Evet, çok yırtık biri değildim. Bir ailenin tek kızıydım. Annem ve babamla gezen, kibar, efendi bir kızdım. Annem der ki “Sen tiyatrocu olduktan sonra bozuldun”. Tiyatrodan sonra daha girgin, daha girişken, dediğinin arkasında duran biri oldum. Yoksa öteki türlü çok pısırık olarak yetişecektim. Babam çok otoriter ve sert bir adamdı. Ben daha çok anneme çekmişim. Annem gibi güler yüzlüyüm. Babamın sert hali biraz beni sindirmişti açıkçası. Tiyatro benim kişiliğimi bulmama sebep oldu. 
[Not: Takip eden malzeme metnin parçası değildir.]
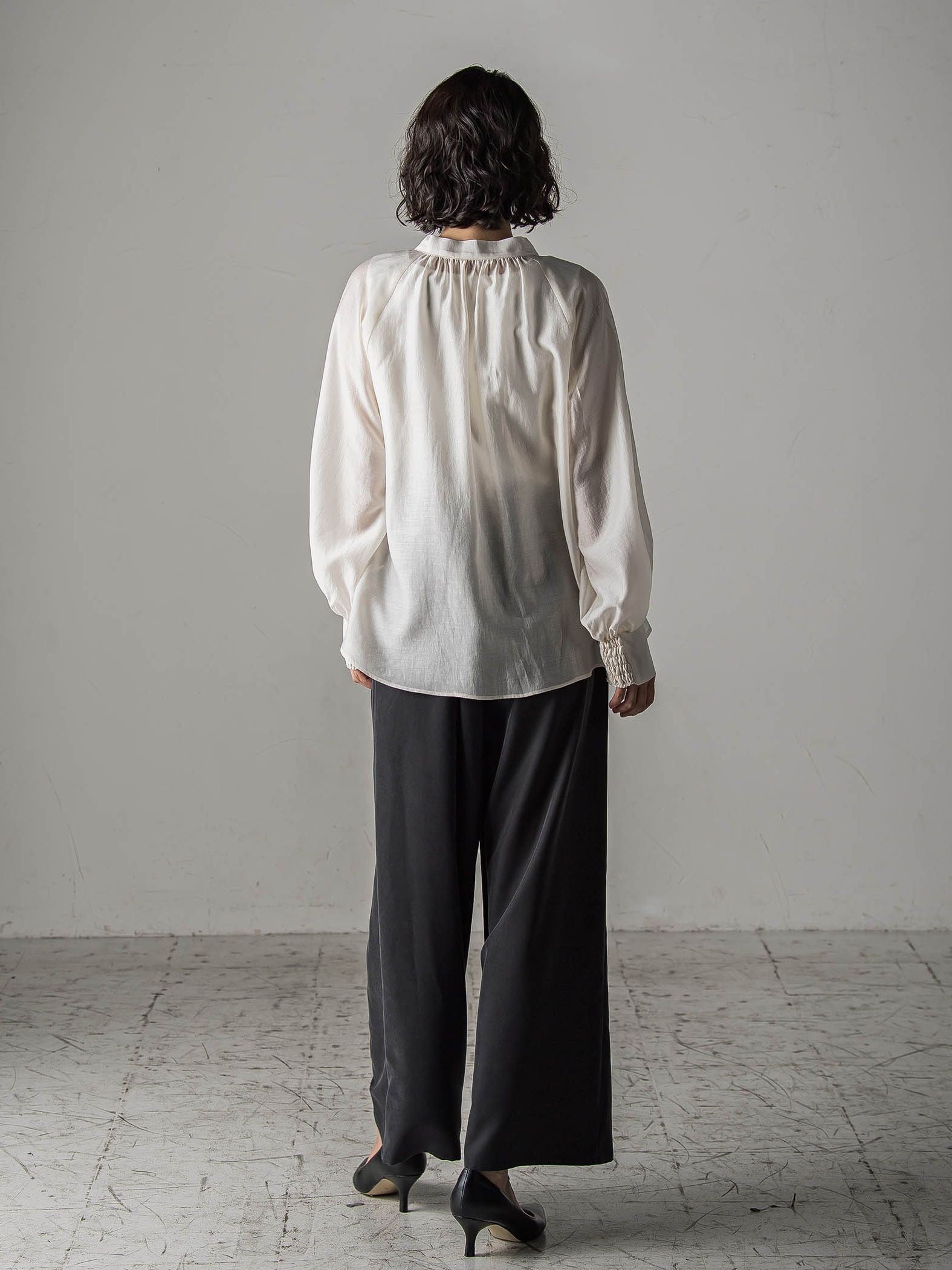 【biyori】”しっとりやわらかな風合い”ピーチポプリンリブパンツ≪洗濯機で洗える≫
-Gençliğinizde beğendiğiniz bir oyuncu var mıydı?
Sana belki tuhaf gelecek ama konservatuar yıllarında Metin Akpınar’a platonik aşıktım. Konservatuarda okuyan kızların yarısı Müşfik Kenter’e, yarısı da Metin Akpınar’a aşıktı. Ben de Metin Akpınar’a hayran olan kızlardandım. Allah tarafından Devekuşu Kabare’den teklif geldi, koşa koşa gittim ve onunla oynadım yıllarca. 
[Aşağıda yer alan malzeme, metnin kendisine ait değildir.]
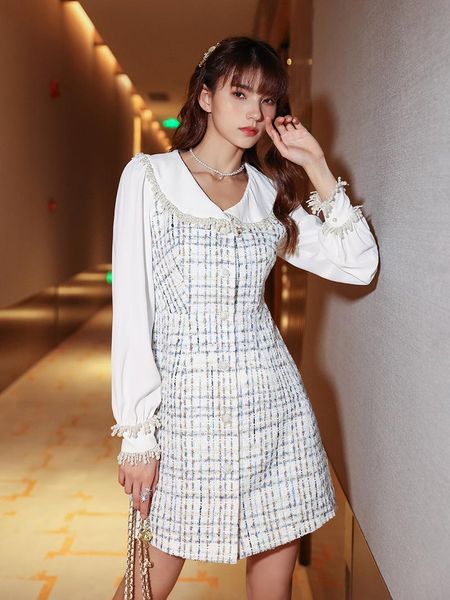

casual dresses women's 2021 autumn winter tweed dress small, Black;gray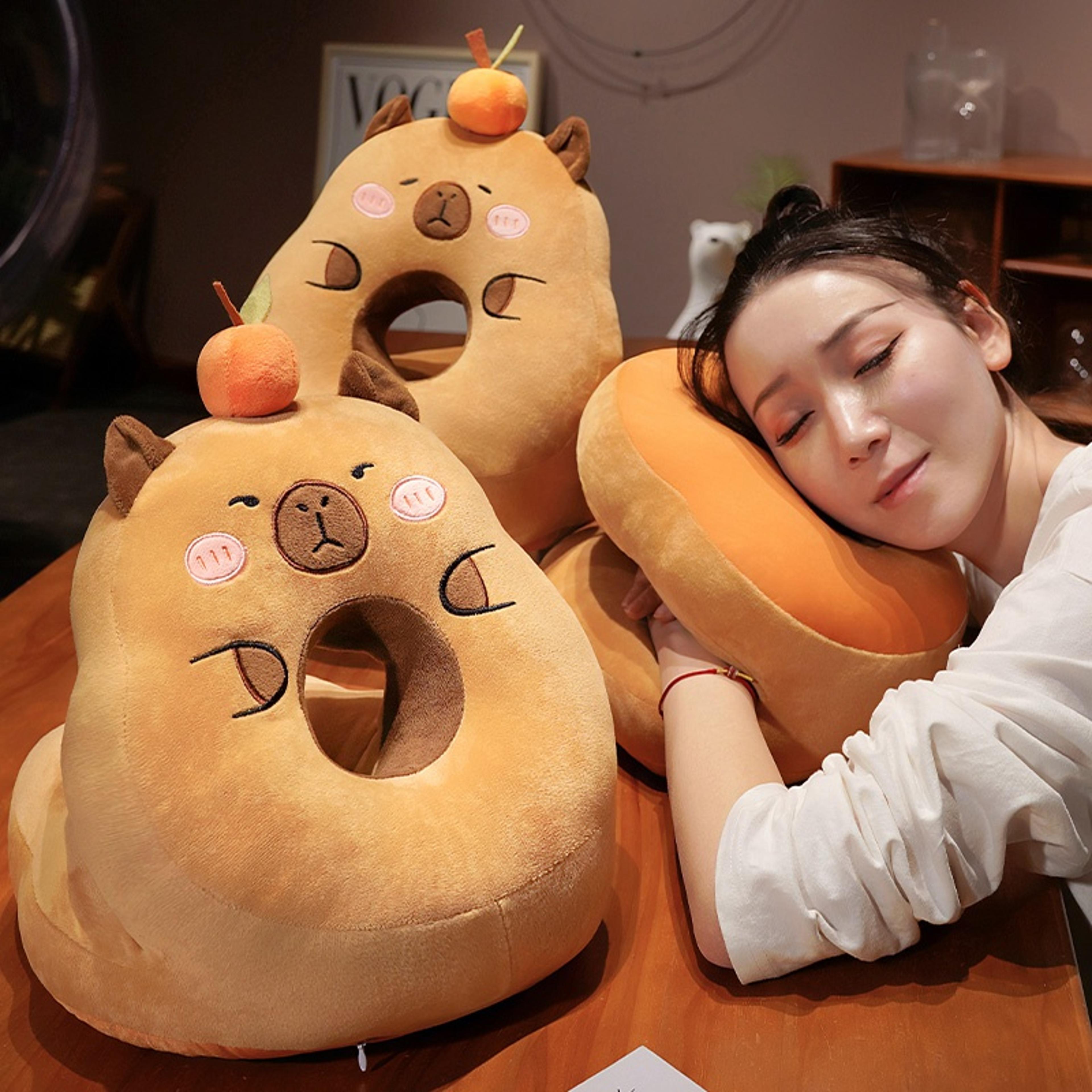 capybara plush sleeping cushion for sofa office chair and home decor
-Metin Akpınar’a hiç açılmadınız mı?
Bu benim tamamen genç kızlık hayalimdi. Çok yakışıklı ve hoş bir adamdı. O dönemde 30-35 yaşlarındaydı. Çok iyi oyuncuydu. İşinde çok ama çok başarılıydı. Ben erkekte başarıyı severim. Hala da öyle. Akıllı ve başarılı erkeğe aşık olurum. Biliyor musun yıllar sonra onu bir zamanlar sevdiğimi söylediğimde “Aşkolsun bu şimdi mi söylenir, o yıllarda söyleseydin ya. İcabına bakardık” dedi.  Karşılıklı kahkahalarla gülüştük. O da espri yaptı tabii. 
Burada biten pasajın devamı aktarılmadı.